Le tribunal de première instance de Louvain vient de condamner un propagandiste pour incitation à la haine sur le réseau social MeWe. Unia s’était constitué partie civile et se réjouit de cette condamnation. 

Le prévenu a été condamné à une peine de travail de 100 h. Il a entre-temps supprimé ses messages à la demande d’Unia et a dû payer un dédommagement de 500 euros à Unia. Il a totalement rompu les liens avec le milieu d’extrême-droite et s’est excusé lors des auditions. 

Entre janvier 2018 et juillet 2020, le prévenu avait diffusé des photos, des mèmes et des textes comportant des messages de haine explicites et une glorification de la violence à l’égard des personnes d’origine étrangère ou des réfugiés sur divers réseaux sociaux, dont MeWe. Il s’agit d’une plateforme sociale américaine similaire à Facebook, mais qui garantit une plus grande confidentialité à ses utilisateurs, ce qui explique sa popularité parmi les milieux d’extrême-droite.  

Connu des services de l’OCAM (Organe de coordination pour l’analyse de la menace), le prévenu gérait des comptes sur les réseaux sociaux à la demande des dirigeants de l’ex-division limbourgeoise du mouvement nationaliste flamand Voorpost.
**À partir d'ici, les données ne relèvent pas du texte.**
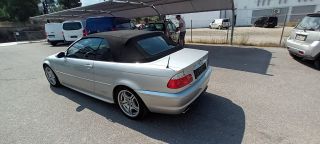 Bmw 320 2001 330 231HP-thumb-8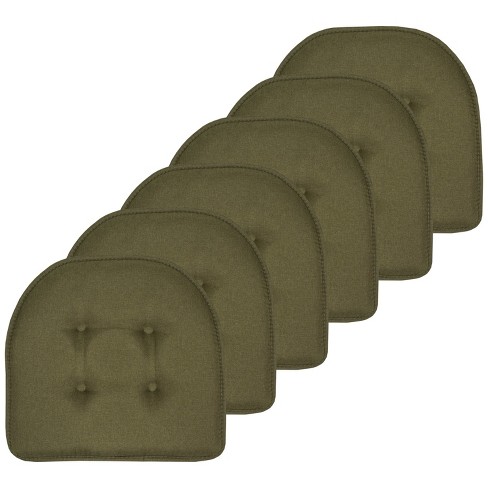 17x16 outlet chair cushions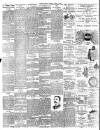 Evening Herald (Dublin) Monday 04 April 1892 Page 4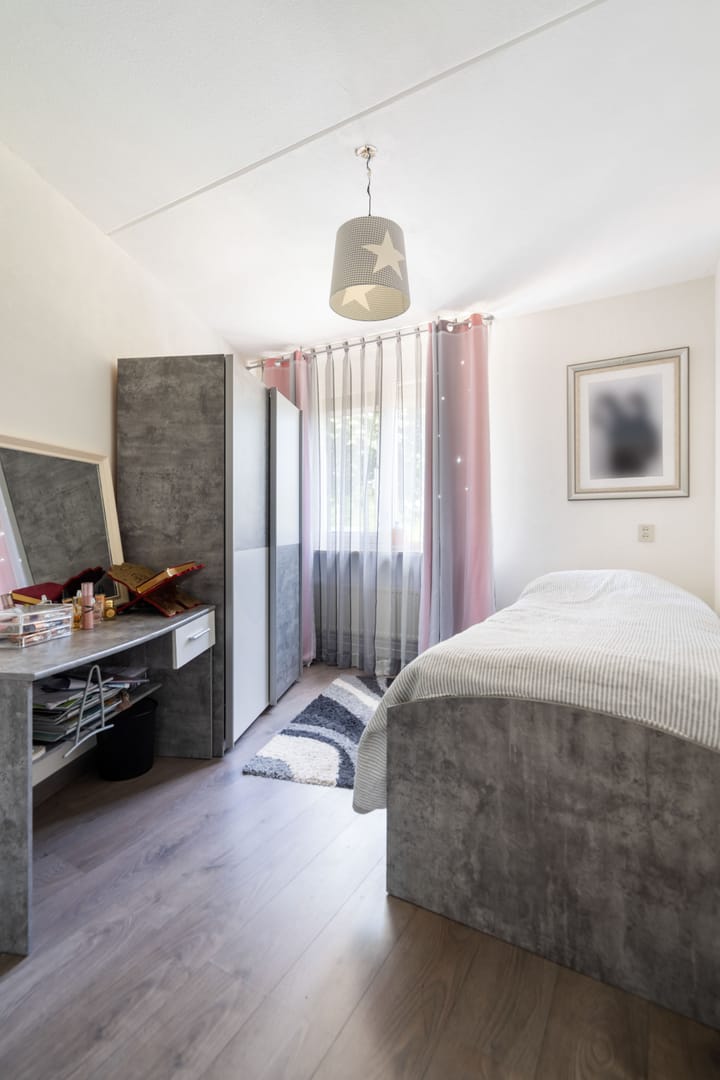 Foto 21 van Pimpelmeeshof 23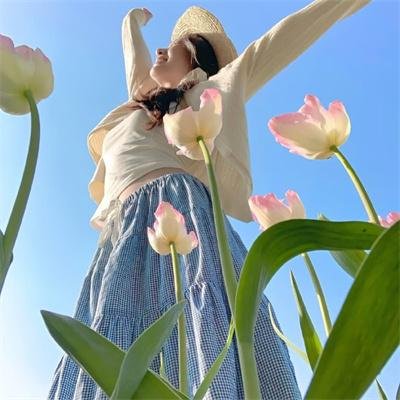 天皇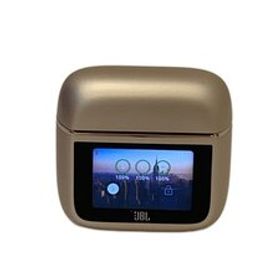 JBL◆イヤホン TOUR PRO 3 JBLTOURPRO3LTT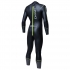 Zone3 Advance Gebrauchter wetsuit Herren Größe SM  16028GEBRUIKT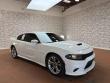 Used 2022 Dodge Charger R/T Sedan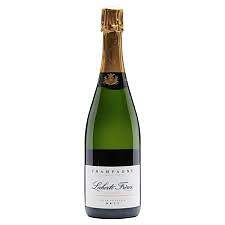 Laherte Freres Brut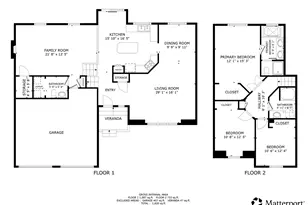 22240 SW Martinazzi Ave, Tualatin, OR 97062 - Photo 30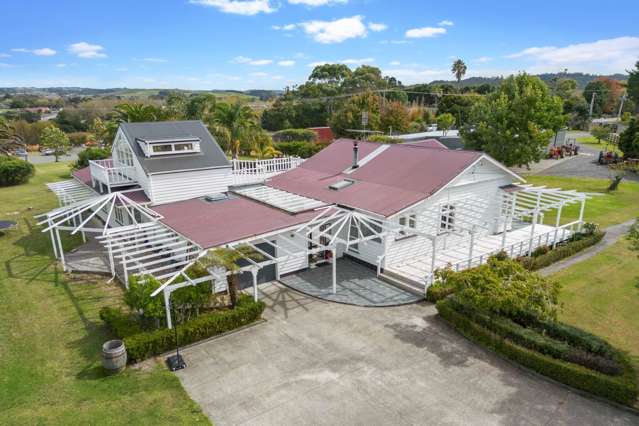 402 Matua Road Kumeu_3
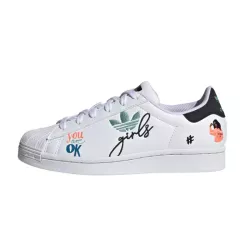 Basket Junior adidas...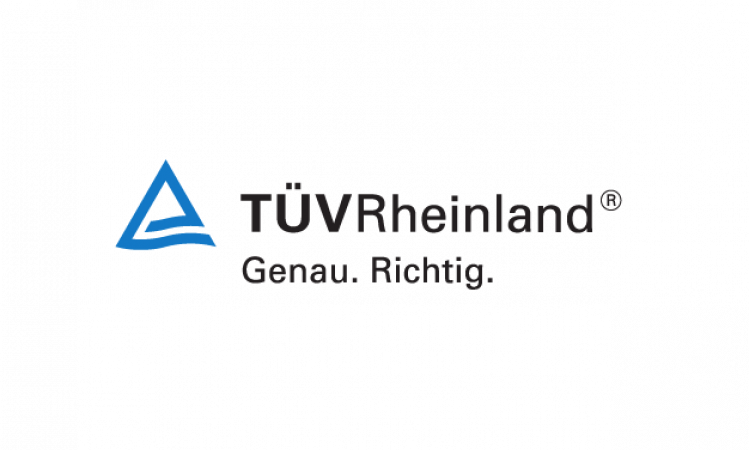 TÜV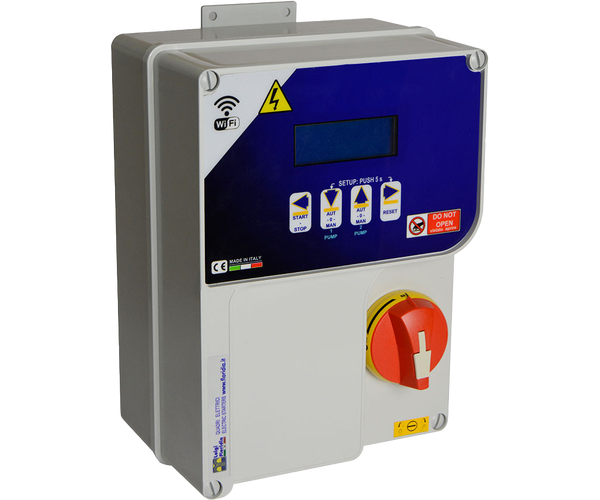 fb539edb8d1911ec9f4600155d0ad41c_07d15c528dc111edab4fd85ed3a1cd25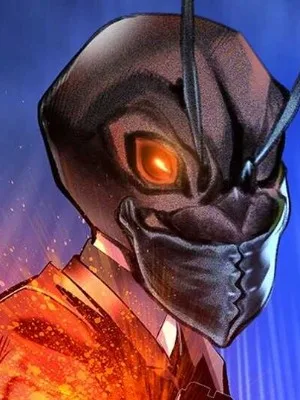 Ch.95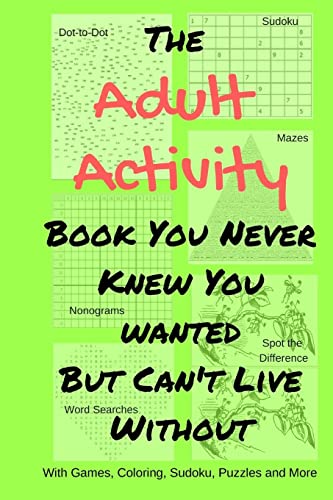 Travel Programs for Young Adults: Top Activity Books and Adventure Picks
Il s’est notamment réjoui des attentats terroristes contre deux mosquées en Nouvelle-Zélande, qui ont coûté la vie à 51 personnes, et a manifesté son admiration pour l’auteur des faits, Brenton Tarrant. 

Il a aussi publié d’autres messages de haine comme par exemple : une illustration d’une femme armée avec, en légende, « I am white and I am proud I will not mix my blood with non whites », une photo d’un soldat allemand avec son arme en joug et le titre « Welcome Refugees », ou encore une illustration d’Hitler avec, en légende, « Heroes get remembered, legends never die ». Son profil internet comportait également de nombreux symboles néonazis. 

Confirmation d’une tendance alarmante 

Unia observe une tendance croissante à la radicalisation et une glorification de la violence au sein de la mouvance d’extrême-droite dans notre pays. L’activisme anti-islam et anti-réfugiés durcit le ton. Le discours de ces groupes ne se concentre plus exclusivement sur les musulmans et les réfugiés. Il s’attaque aussi aux hommes et femmes politiques, qualifiés de traîtres. Des groupuscules d’extrême-droite menacent même parfois de perpétrer des actes de violence sur des cibles de la communauté musulmane, des centres de réfugiés ou du monde politique. 

Unia ouvre un peu plus de 300 dossiers par an suite à des messages de haine sur les réseaux sociaux. Souvent, les plateformes suppriment elles-mêmes les propos et images incriminés. Seuls quelques-uns aboutissent au tribunal et à une condamnation.

« Nous nous félicitons de cette condamnation, qui constitue un pas de plus dans la lutte contre la haine en ligne, après d’autres condamnations similaires l’année dernière. Unia prône par ailleurs depuis longtemps des mesures alternatives à des sanctions pénales, comme des formations spécifiques pour les auteurs de discours et de délits de haine . Nous sommes en contact avec les maisons de justice, qui jouent un rôle crucial pour la mise en place d’une approche structurée » conclut Patrick Charlier, directeur d’Unia.